NASA engineers have come up with the groundbreaking mission of measuring how rapidly climate change is melting the ice sheets of Antarctica.
According to Voice of America, the engineers are designing a fleet of underwater robots that will not only measure how fatly the ice is melting but will also help in knowing its impact on the rising sea levels.
A US Navy laboratory camp in Artic tested a prototype of the submersible vehicles by the Jet Propulsion Laboratory (JPL) of NASA near Los Angeles. They deployed it under North Alaska’s frozen Beaufort Sea in March 2024.
In a summary posted on NASA’s website, a JPL Robotics engineer and principal investigator for the IceNode project, Paul Glick, said, “These robots are a platform to bring science instruments to the hardest-to-reach locations on Earth.”
Moreover, the objective behind deploying these probes is to get more accurate data that will allow scientists to advance computer models in predicting the upcoming sea level rise.

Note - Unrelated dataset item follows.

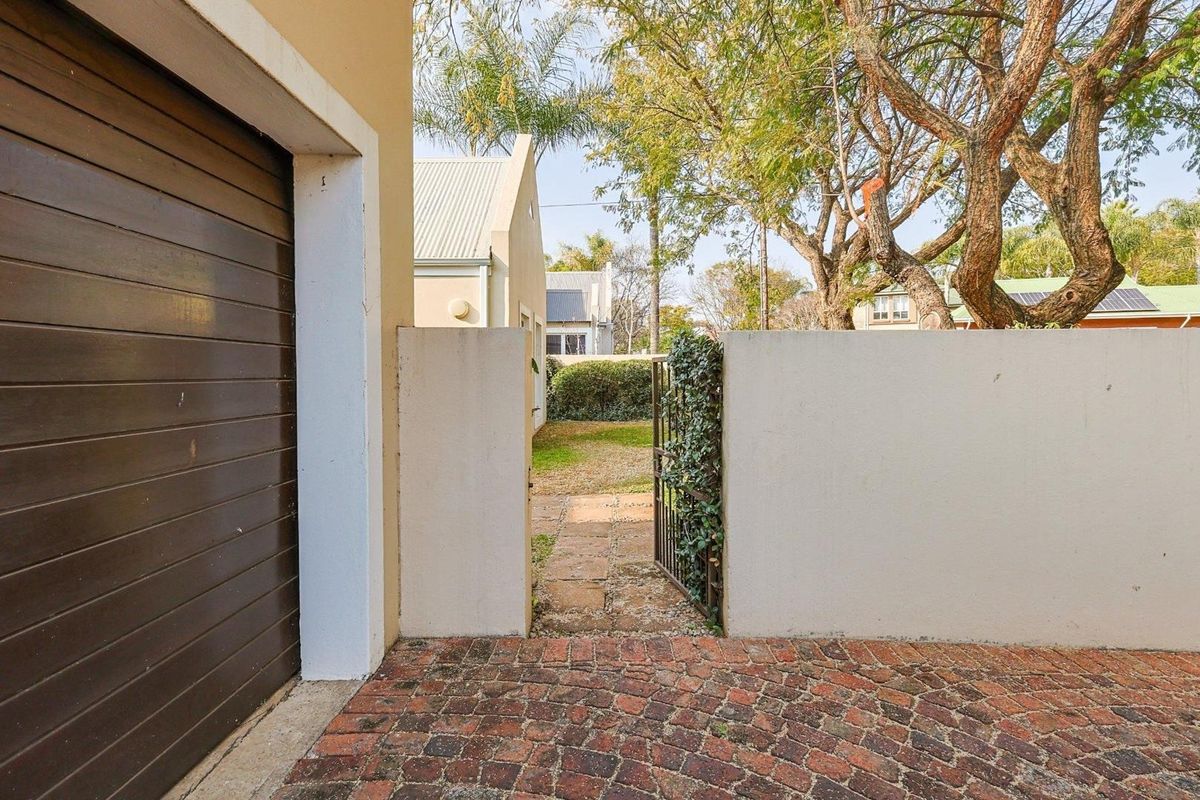 Fully Furnished 3-Bedroom House with Pool for Rent in Silver Lakes Golf Estate - Photo 3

A JPL climate scientist, Ian Fenty, asserted, “The goal is getting data directly at the ice-ocean melting interface.”
Furthermore, an analysis published by JPL in 2022 revealed that Antarctica's ice shelf has melted by 12 trillion tonnes since 1977, which is double the previous estimates.
As per NASA, if Antarctica's ice self is melted completely, the global sea levels will be raised by an estimated 60 meters.